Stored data
▬▬▬▬▬▬

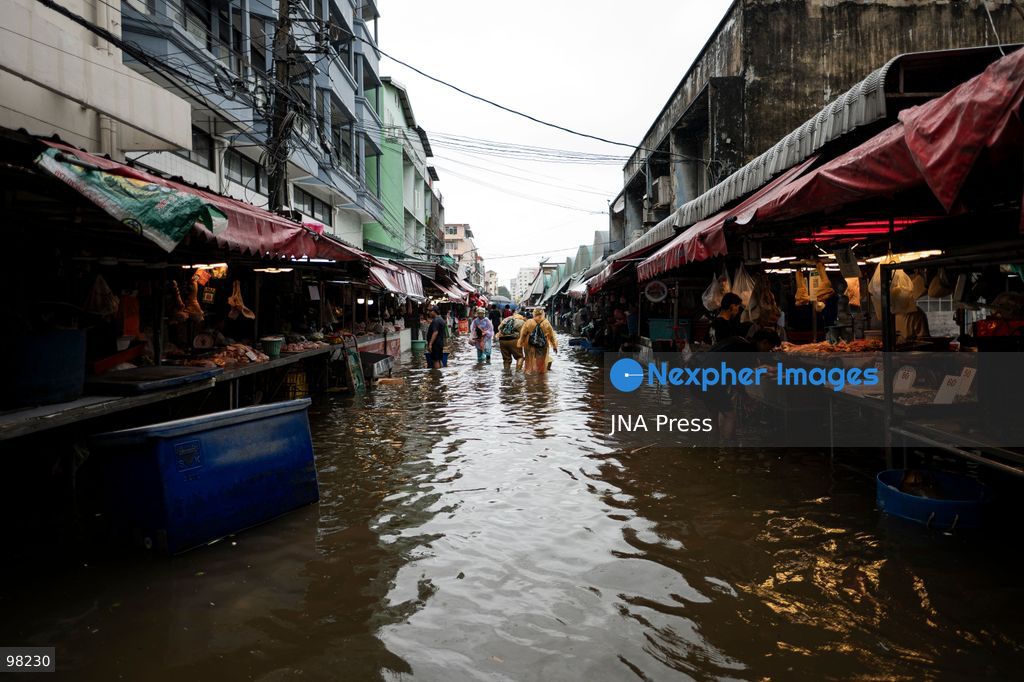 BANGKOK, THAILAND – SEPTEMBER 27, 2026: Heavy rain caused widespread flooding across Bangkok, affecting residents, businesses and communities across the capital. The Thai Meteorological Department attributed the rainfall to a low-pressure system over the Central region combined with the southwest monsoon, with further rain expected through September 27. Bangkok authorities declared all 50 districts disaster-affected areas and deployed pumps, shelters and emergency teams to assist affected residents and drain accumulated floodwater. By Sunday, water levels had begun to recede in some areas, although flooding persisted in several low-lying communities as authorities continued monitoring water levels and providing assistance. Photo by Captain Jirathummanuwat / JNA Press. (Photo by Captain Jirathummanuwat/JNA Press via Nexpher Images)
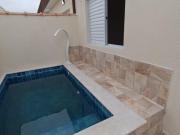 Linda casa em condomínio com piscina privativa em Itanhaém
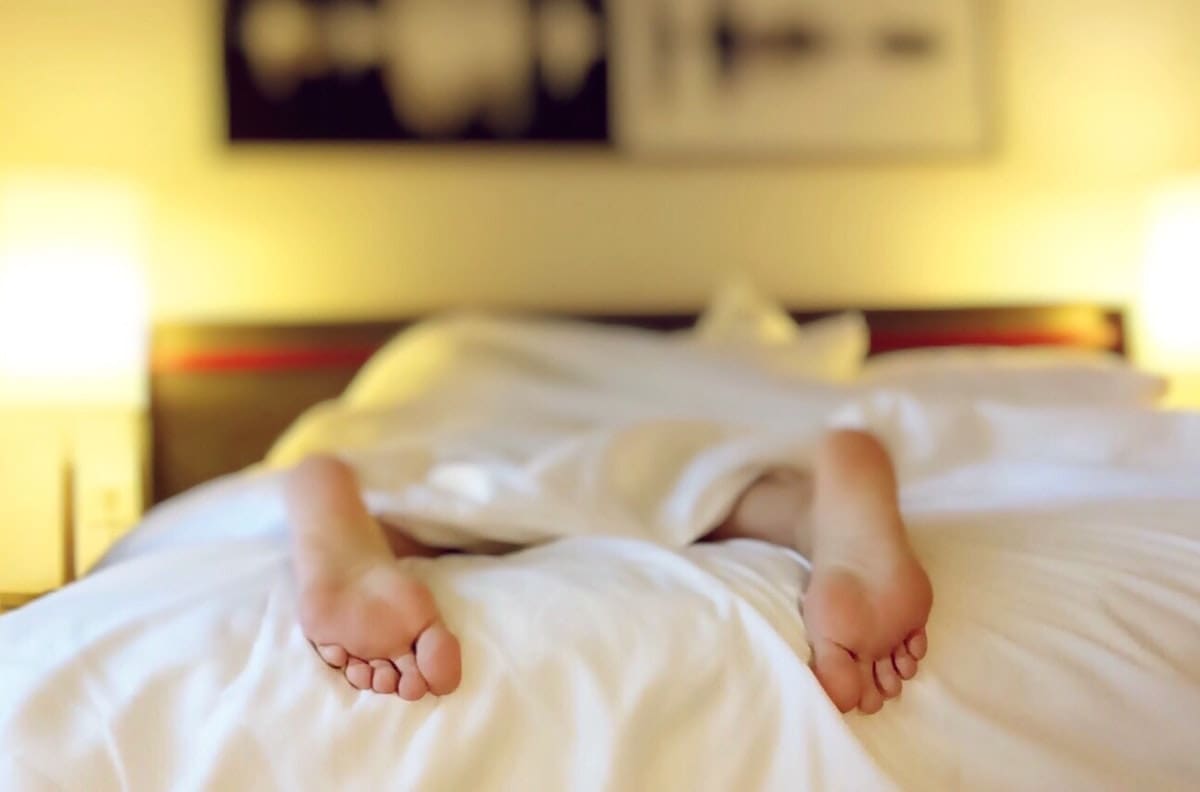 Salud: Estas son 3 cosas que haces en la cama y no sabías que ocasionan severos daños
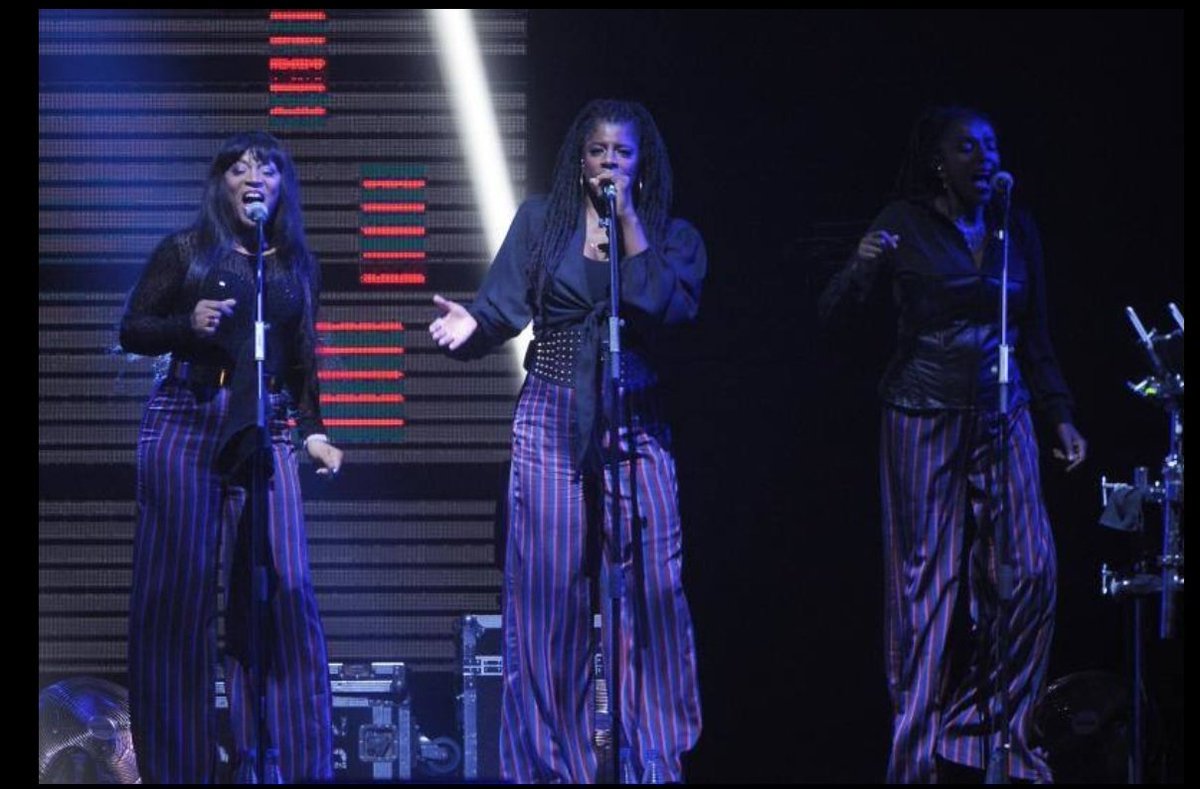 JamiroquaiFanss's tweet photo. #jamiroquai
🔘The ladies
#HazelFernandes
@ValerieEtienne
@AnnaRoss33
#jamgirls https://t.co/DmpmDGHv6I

▬▬▬▬▬▬

(TASK DETAILS):
Output every entry word for word, but omit the pictures.

(SOLUTION FOR THIS EXERCISE):
 BANGKOK, THAILAND – SEPTEMBER 27, 2026: Heavy rain caused widespread flooding across Bangkok, affecting residents, businesses and communities across the capital. The Thai Meteorological Department attributed the rainfall to a low-pressure system over the Central region combined with the southwest monsoon, with further rain expected through September 27. Bangkok authorities declared all 50 districts disaster-affected areas and deployed pumps, shelters and emergency teams to assist affected residents and drain accumulated floodwater. By Sunday, water levels had begun to recede in some areas, although flooding persisted in several low-lying communities as authorities continued monitoring water levels and providing assistance. Photo by Captain Jirathummanuwat / JNA Press. (Photo by Captain Jirathummanuwat/JNA Press via Nexpher Images)
 Linda casa em condomínio com piscina privativa em Itanhaém
 Salud: Estas son 3 cosas que haces en la cama y no sabías que ocasionan severos daños
 JamiroquaiFanss's tweet photo. #jamiroquai
🔘The ladies
#HazelFernandes
@ValerieEtienne
@AnnaRoss33
#jamgirls https://t.co/DmpmDGHv6I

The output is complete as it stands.